ACTIVITY = Keep the pictures out of your copy. Transcribe the records below exactly.

THE DATA =
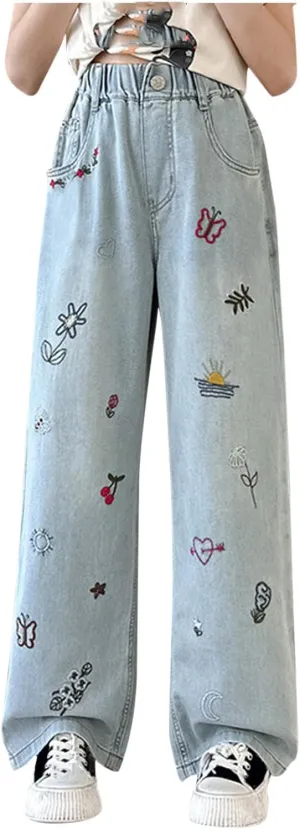 Jeans for Girl Loose Flare Wide Leg Denim Trousers High Cut Girls Western Pants Plain Stretchy Waist Fall Summer 2025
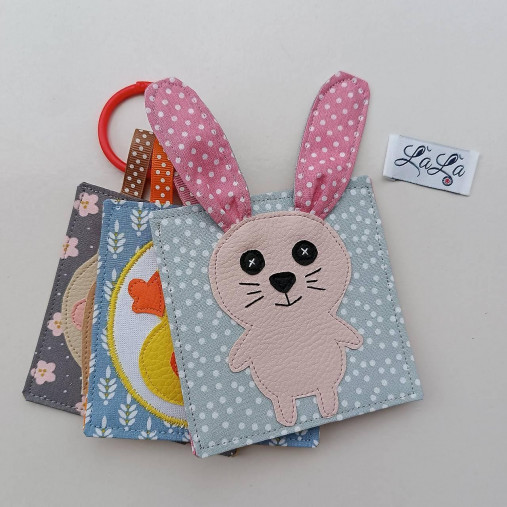 Hračky - Zajko - quiet book kartička - 16549914_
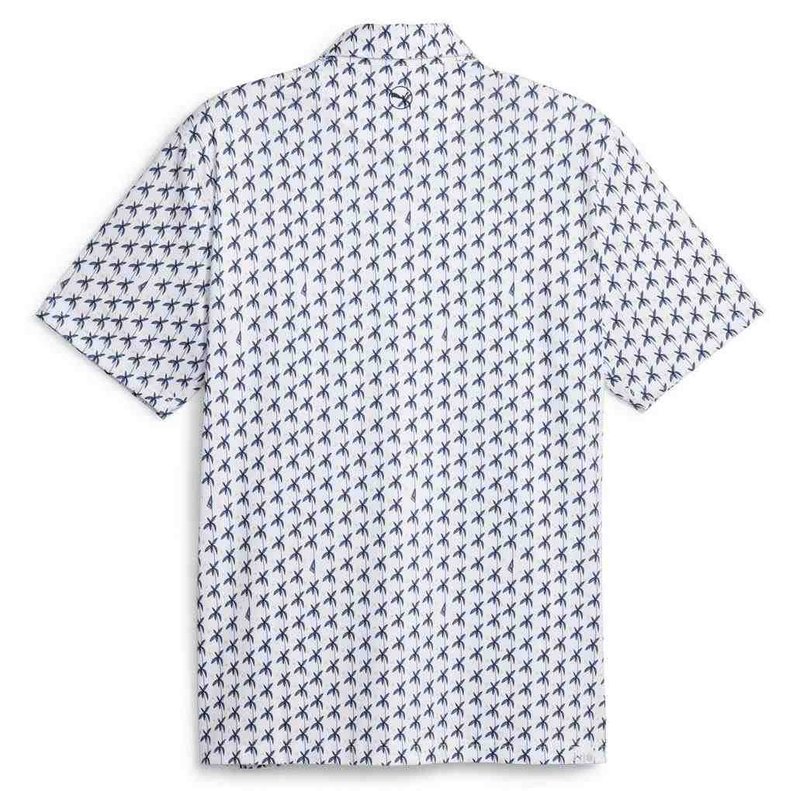 Puma Mattr Palms men's polo, white glow/navy blazer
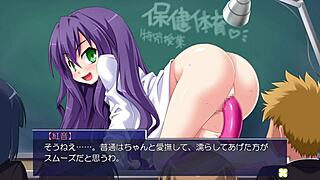 Public pervert toys with bound anime girl outdoors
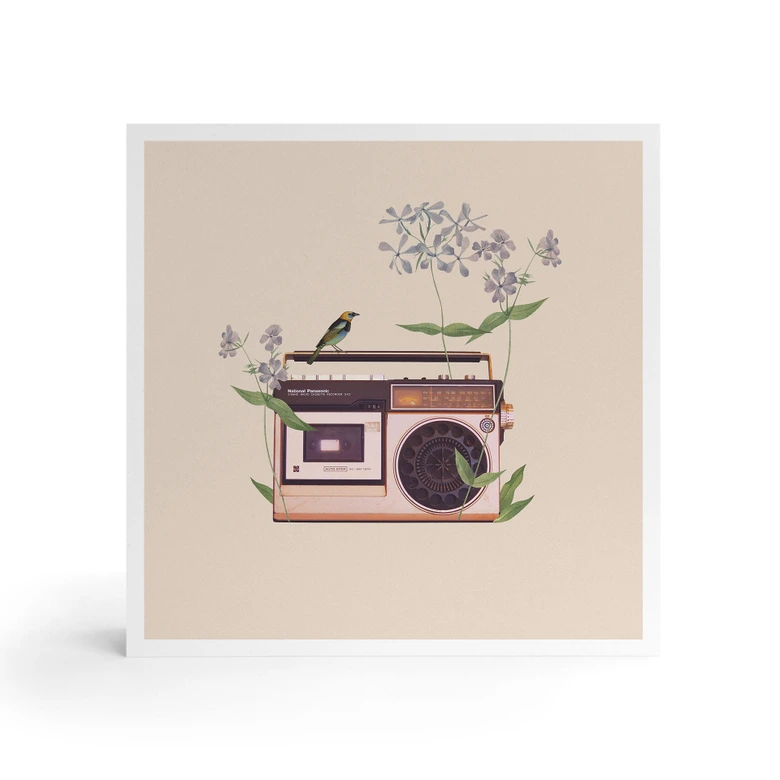 Holzbild zum Hinstellen - Retro Radio floral - Frida Floral Studio - 15x15 cm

RESPONSE AREA =
 Jeans for Girl Loose Flare Wide Leg Denim Trousers High Cut Girls Western Pants Plain Stretchy Waist Fall Summer 2025
 Hračky - Zajko - quiet book kartička - 16549914_
 Puma Mattr Palms men's polo, white glow/navy blazer
 Public pervert toys with bound anime girl outdoors
 Holzbild zum Hinstellen - Retro Radio floral - Frida Floral Studio - 15x15 cm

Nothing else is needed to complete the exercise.